*DATA*.

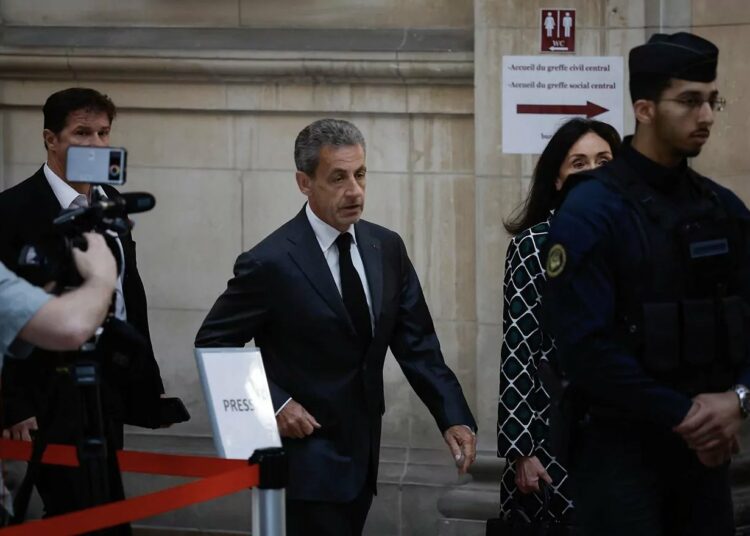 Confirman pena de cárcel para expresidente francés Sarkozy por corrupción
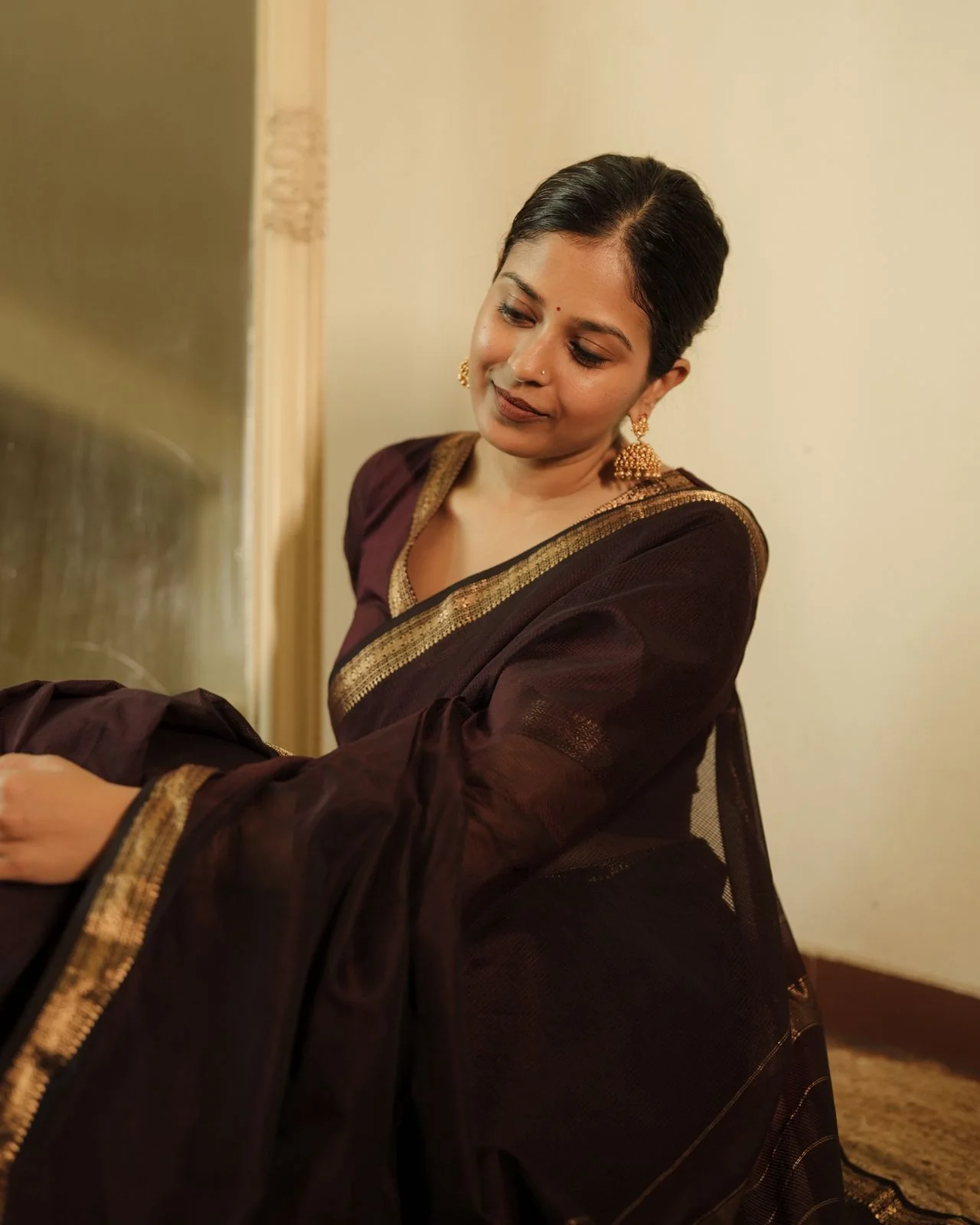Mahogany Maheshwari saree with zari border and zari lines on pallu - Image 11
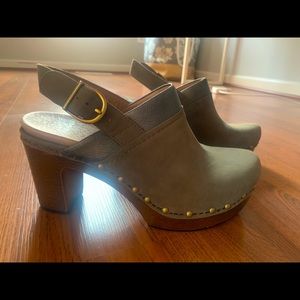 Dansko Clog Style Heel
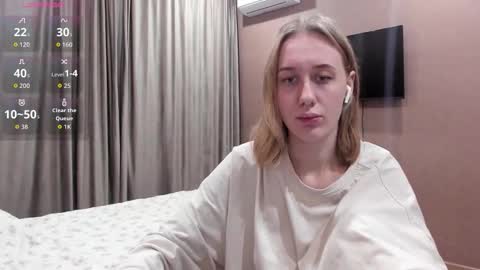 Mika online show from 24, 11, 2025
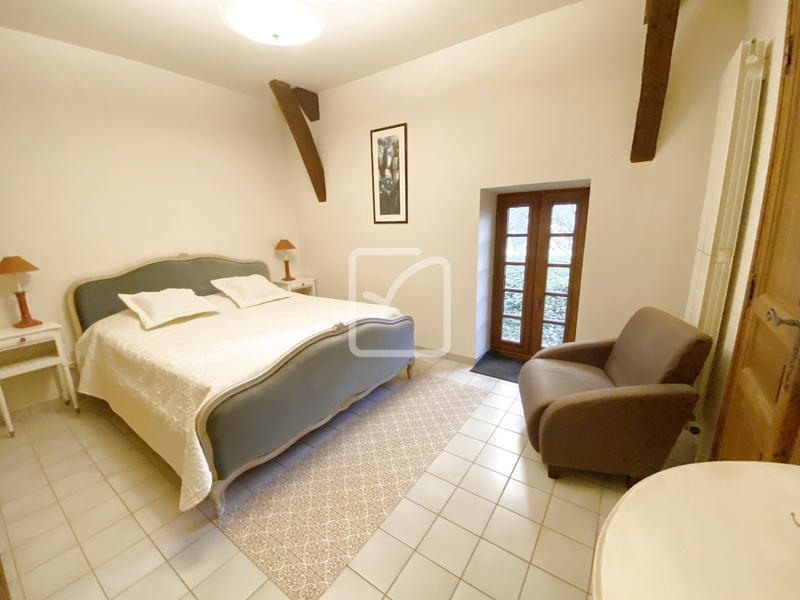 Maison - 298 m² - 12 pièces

==

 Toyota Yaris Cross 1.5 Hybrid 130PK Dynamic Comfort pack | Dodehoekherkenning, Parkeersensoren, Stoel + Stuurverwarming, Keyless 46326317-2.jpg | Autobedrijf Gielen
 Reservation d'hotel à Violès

*WHAT IS EXPECTED*. Look above for the line with "Mahogany Maheshwari saree" and the line with "Maison - 298 m² - 12 pièces". Give again exactly those two lines and all lines between them, pictures excluded.

*EXERCISE OUTPUT*.
Mahogany Maheshwari saree with zari border and zari lines on pallu - Image 11
 Dansko Clog Style Heel
 Mika online show from 24, 11, 2025
 Maison - 298 m² - 12 pièces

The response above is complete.